En recevant sa statuette le 10 mars, Jonathan Glazer a établi un parallèle avec la situation à Gaza. «Nous sommes ici en tant que personnes qui refusent que leur judéité et l’Holocauste soient récupérés par une occupation qui a conduit à un conflit pour tant de personnes innocentes, que ce soit les victimes du 7 octobre en Israël ou l’attaque en cours sur Gaza», a-t-il courageusement énoncé.
Les réactions n’ont pas tardé, d’abord pour cause de malentendu – d’aucun·es ont compris, ou voulu comprendre, que Glazer réfutait sa propre judéité. Puis parce que le réalisateur parle d’«occupation» et qu’il établirait une «équivalence morale entre un régime nazi qui a cherché à exterminer une race de personnes, et une nation israélienne qui cherche à éviter sa propre extermination», selon une lettre ouverte signée par plus de 450 professionnel·les juif·ves de Hollywood. Echo aux applaudissements nourris entendus au Dolby Theatre, d’autres voix ont au contraire salué les mots de Glazer, comme les infatigables militant·es étasunien·nes de Jewish Voice for Peace et IfNotNow; ou Piotr Cywiński, directeur du Mémorial d’Auschwitz, qui parle sur la plateforme X d’un «avertissement moral universel contre la déshumanisation».

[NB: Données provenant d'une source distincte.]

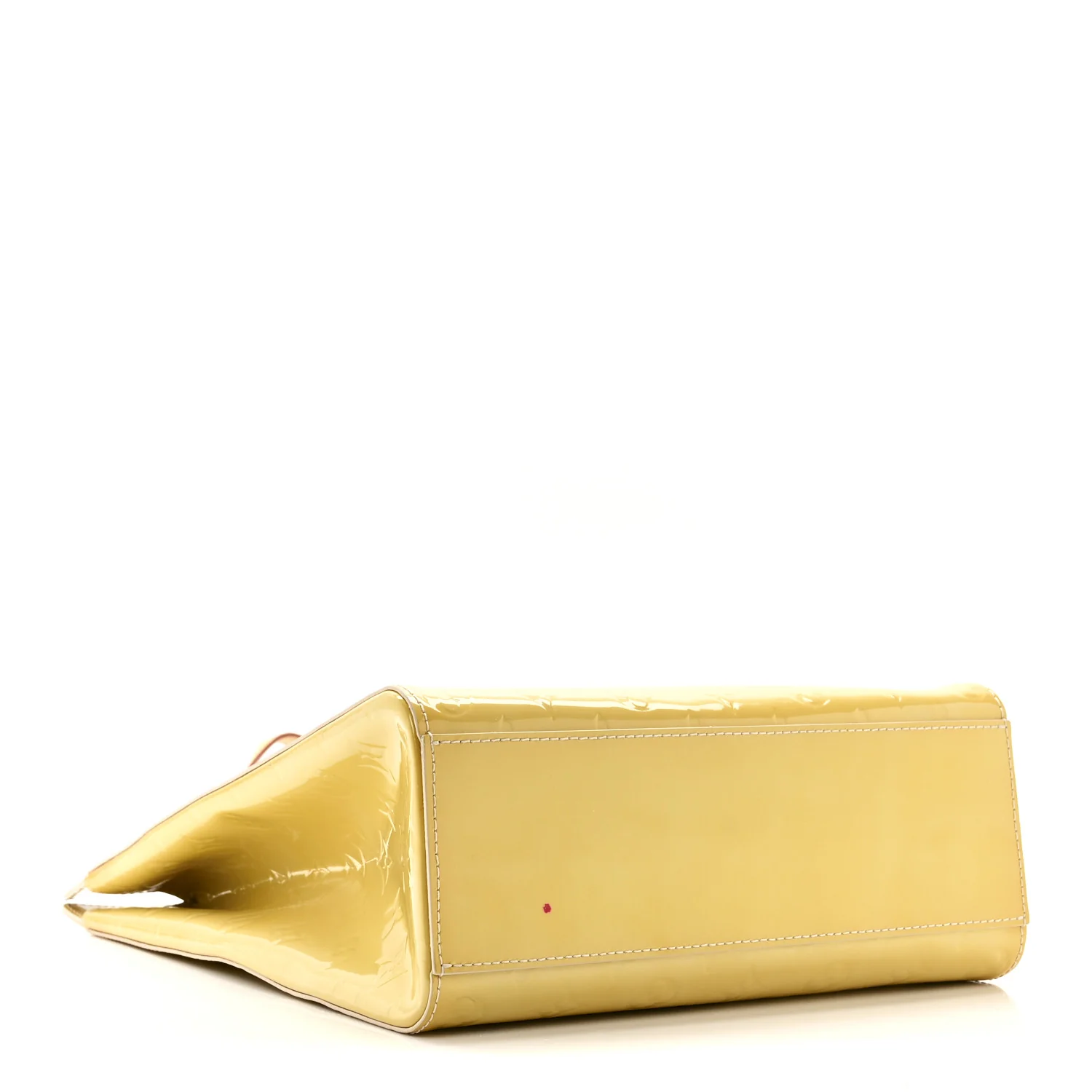 Vernis Catalina NS Citrine - Image 4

Dans une tribune de soutien parue dans le Guardian, l’essayiste canadienne Naomi Klein, figure de l’altermondialisme et de la justice climatique, rappelle quant à elle que chaque génocide est différent et que Gaza n’est évidemment pas Auschwitz, ni dans sa logique létale, ni dans le nombre de victimes. «Mais si l’édifice du droit international humanitaire d’après-guerre a été érigé, souligne-t-elle, c’est pour que nous disposions des outils nécessaires à l’identification collective des schémas avant que l’histoire ne se répète à grande échelle. Et certains de ces schémas – le mur, le ghetto, les massacres, l’intention éliminatoire maintes fois affirmée, la famine de masse, le pillage, la déshumanisation joyeuse et l’humiliation délibérée – sont en train de se répéter.»
Encore faut-il accepter de le voir. A Berne aussi, alors que la Suisse rechigne à exiger un cessez-le-feu inconditionnel à Gaza, comme l’a rappelé samedi à Lausanne la manifestation nationale pour la Palestine.